This post originated from an RSS feed registered with Python Buzz
by Andrew Dalke.
Original Post: Combinitorial Library Generation with SMILES
Feed Title: Andrew Dalke's writings
Feed URL: http://www.dalkescientific.com/writings/diary/diary-rss.xml
Feed Description: Writings from the software side of bioinformatics and chemical informatics, with a heaping of Python thrown in for good measure.
Someone recently asked me how to generate a combinitorial library
given a set of fragments.
For the non-chemist readers, combinitorial chemistry uses a core
structure and reactions that can attach fragments at a given point to
the core. This lets chemists search a structure family to find a
compound that's is "better" in a chemistry space with dimensions
including effectiveness, toxicity, digestability, and ability to reach
the right part of the body. (This is for pharmaceutical chemistry;
combinitorial chemistry can be used for other domains.)
A core may have 1, 2, or more fragment attachment points so many new
compounds can be created with this technique. Companies use robots to
generate the new compounds and test them against the target, which
might be a protein or cell. There can be well over 100,000 tests in
an assay. I've worked with a couple companies to develop tools that
help the scientists better understand these sorts of data sets.

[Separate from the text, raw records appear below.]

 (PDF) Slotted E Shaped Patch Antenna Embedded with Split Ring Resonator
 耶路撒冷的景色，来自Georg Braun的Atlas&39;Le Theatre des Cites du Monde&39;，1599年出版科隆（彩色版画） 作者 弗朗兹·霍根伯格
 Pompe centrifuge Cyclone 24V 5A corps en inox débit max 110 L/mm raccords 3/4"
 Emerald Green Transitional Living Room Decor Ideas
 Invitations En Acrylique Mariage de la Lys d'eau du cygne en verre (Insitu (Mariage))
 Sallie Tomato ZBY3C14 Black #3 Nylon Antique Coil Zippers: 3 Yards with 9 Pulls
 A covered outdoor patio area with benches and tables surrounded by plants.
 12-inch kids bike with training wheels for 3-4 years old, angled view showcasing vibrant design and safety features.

To limit the number of compounds created, many people will generate
virtual libraries and use software to pick the compounds that will be
tested via the robots. If the software was good we wouldn't need the
robots. We've a long way to go.
The email asked if any software is available to generate the virtual
libraries. He had been using SMILES strings for the core and
fragments and simply concatenating them together. This doesn't work
because that allows at most two attachment points on the core. One
for the front and one for the back of the SMILES string.
The easiest way to do this is with ring closures. Suppose the core
structure is O1CNCCC1 with attachment points on the 3nd
and 5th atoms (the N and the third C) shown in bold. Pick very high
ring closure numbers not seen in real life, like 90 and 91 and add
them to the appropriate atoms. The '%' is needed in SMILES for
closure numbers greater than 9.
The result is O1CN%90CC%91C1.
Use the same sort of trick to label the fragments. Suppose a fragment
is OC=CC=C- and the terminal carbon (the "C-") is to be
attached to the nitrogen. The ring closure number for the N is 90 so
label the terminal carbon the same, as OC=CC=C%90. To make it
easier on me, assume a methyl is attached at the core's C attachment
point labeled 91. The corresponding fragment in SMILES is C%91.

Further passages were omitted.